**Task inputs:**
>>>>
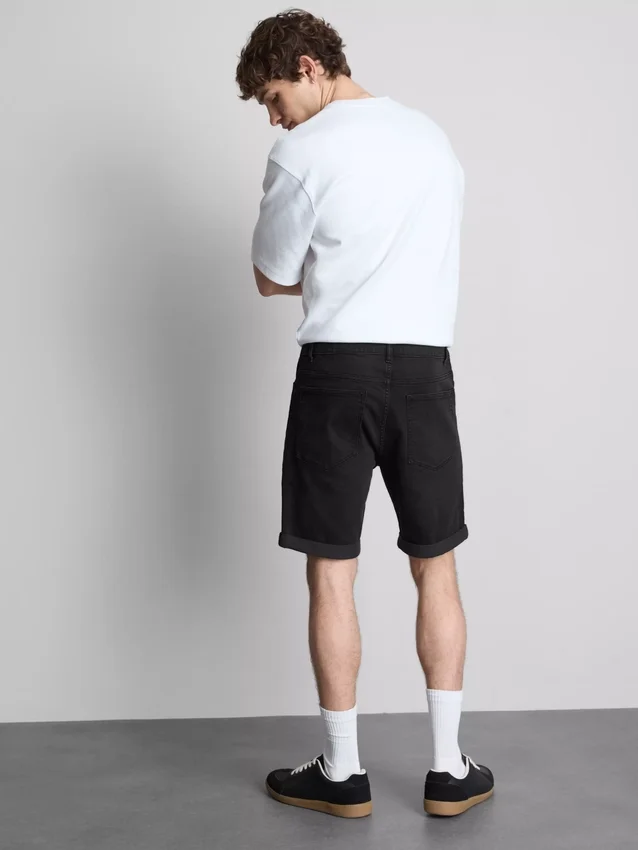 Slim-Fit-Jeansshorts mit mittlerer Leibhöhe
<<<<
>>>>
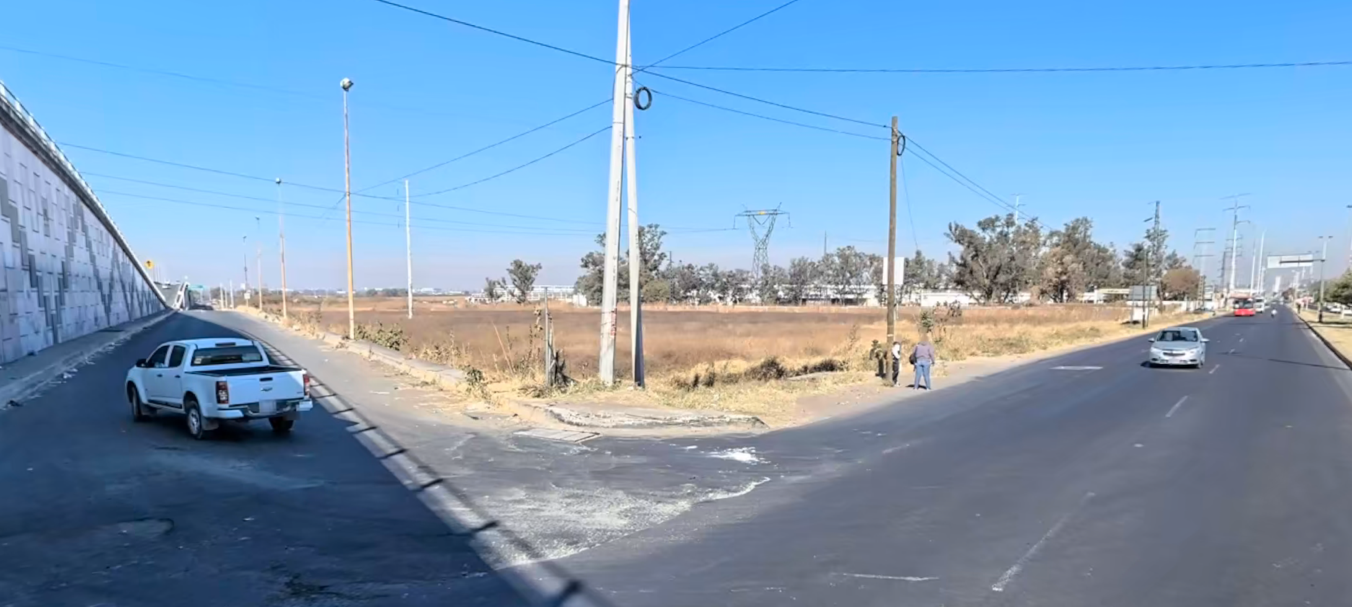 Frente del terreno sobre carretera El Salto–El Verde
<<<<
>>>>
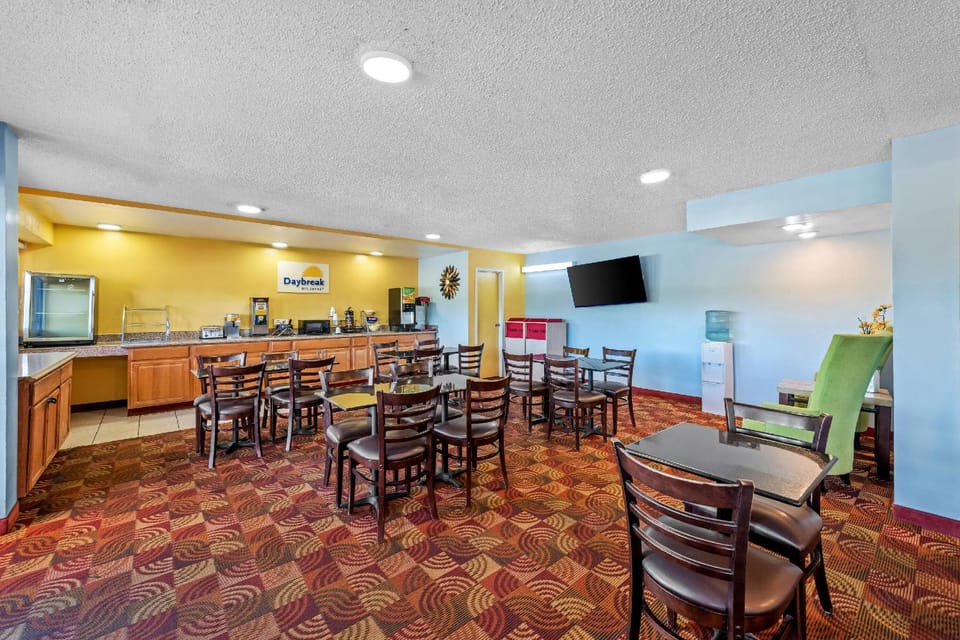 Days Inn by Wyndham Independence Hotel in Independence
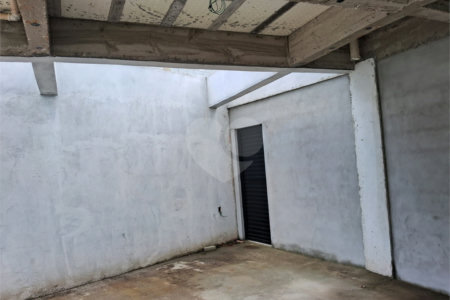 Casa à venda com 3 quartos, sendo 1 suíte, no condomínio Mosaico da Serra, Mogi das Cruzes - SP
<<<<
**Assigned task:** Although pictures appear among the entries, please set down only the lines from the one with "Days Inn by" up to and including the one with "Casa à venda", word for word.

**Response area:**
 Days Inn by Wyndham Independence Hotel in Independence
 Casa à venda com 3 quartos, sendo 1 suíte, no condomínio Mosaico da Serra, Mogi das Cruzes - SP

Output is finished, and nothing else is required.